From FreeSWITCH Wiki
Jump to: navigation, search


Warning

(Note 2009-04-05) This page might be obsolete NAT and NAT Traversal.

 


Contents

Problem

ATA (10.1.0.5) <-> (10.1.0.1) NAT (1.2.3.4) <-> Internet <-> (4.3.2.1) FreeSWITCH

Analysis

This is a fairly common scenario in the real world, where the FreeSWITCH server is out on the public Internet, while your ATA is behind a home or corporate NAT system. Now, a call comes in to your FreeSWITCH server, and it somehow has to get in touch with your ATA, but the address your ATA gave the VoIP server (10.1.0.5) is all wrong, since it's not aware of the public IP address of the NAT system (1.2.3.4), which the VoIP server would have to contact in order to (potentially) get through to the ATA (assuming the NAT lets the connection through).

Loophole

All three solutions proposed below capitalize on the knowledge that when you send a packet out (from an ATA, in our case) through a NAT system and out to the public Internet, the packet exits the NAT on a particular IP and port, and the NAT will generally remember that combination (let's call it "Combo A"), and forward packets that come "back" to "Combo A" on to whatever system in the local network the original packet came from (in our case, the ATA).

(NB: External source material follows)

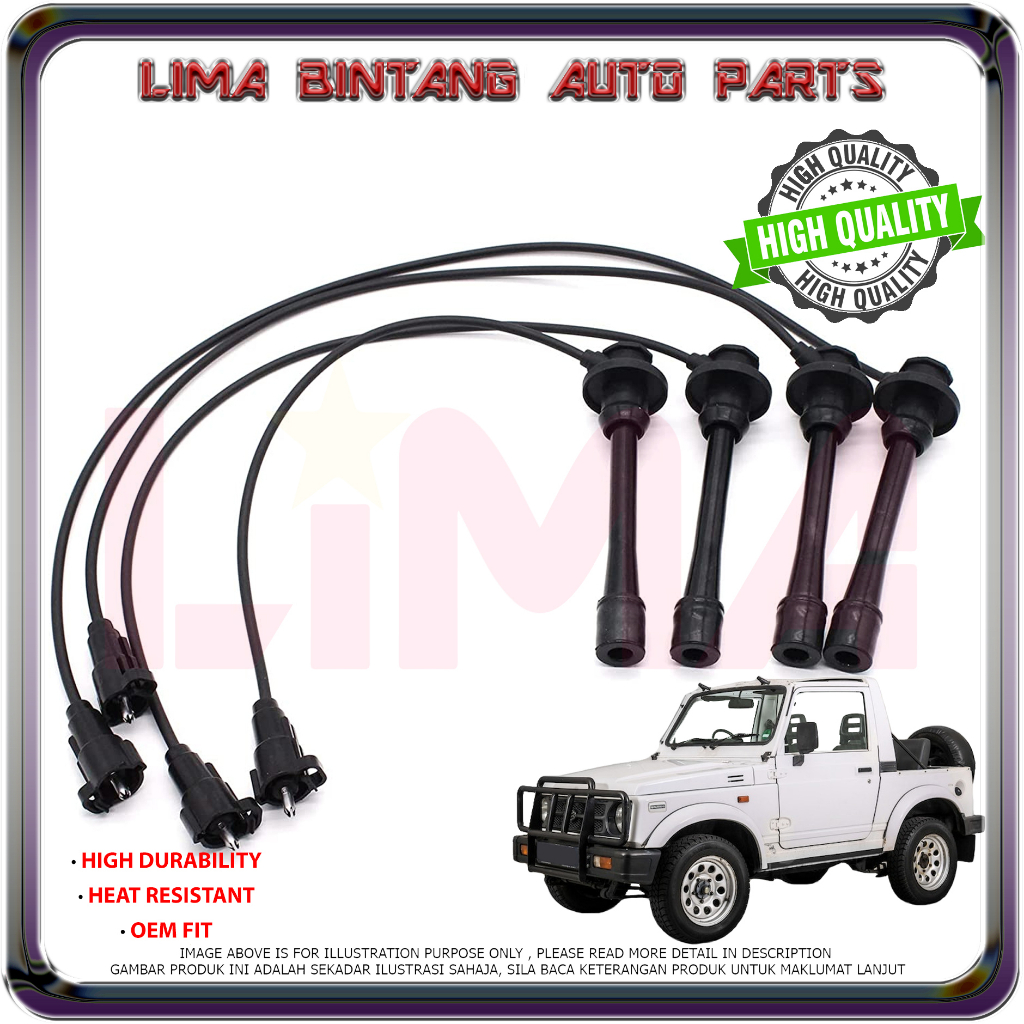 Suzuki SJ410 SJ413 สายหัวเทียนคุณภาพสูง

Needless to say, all three of our solutions will attempt to alert the FreeSWITCH server that contacting our ATA should be done by contacting the NAT system at "Combo A," and the NAT will take it from there.

Solutions

STUN

One way of dealing with this problem is to configure the ATA to use STUN, which allows it to figure out how to bypass the NAT system in a rather user-transparent way. If your phone supports this, it's almost certainly the simplest solution. If you have a sipura, check Sipura STUN.

Port Forward

If the public side of your NAT has a static IP address and you can get a port forwarded from it to your ATA, then you can tell FreeSWITCH to automatically override the contact info advertised by the ATA with static contact info.

Here's an example configuration section (goes in directory.xml):

<domain name="$${sip_profile}">
 <user id="myuser">
   <params>
     <param name="password" value="mypass"/>
   </params>
   <variables>
     <variable name="sip-force-contact" value="sip:myuser@<public-ip-address>:<forwarded-port>"/>
   </variables>
 </user>
</domain>

Note that this trick will only work if you define said user in directory.xml.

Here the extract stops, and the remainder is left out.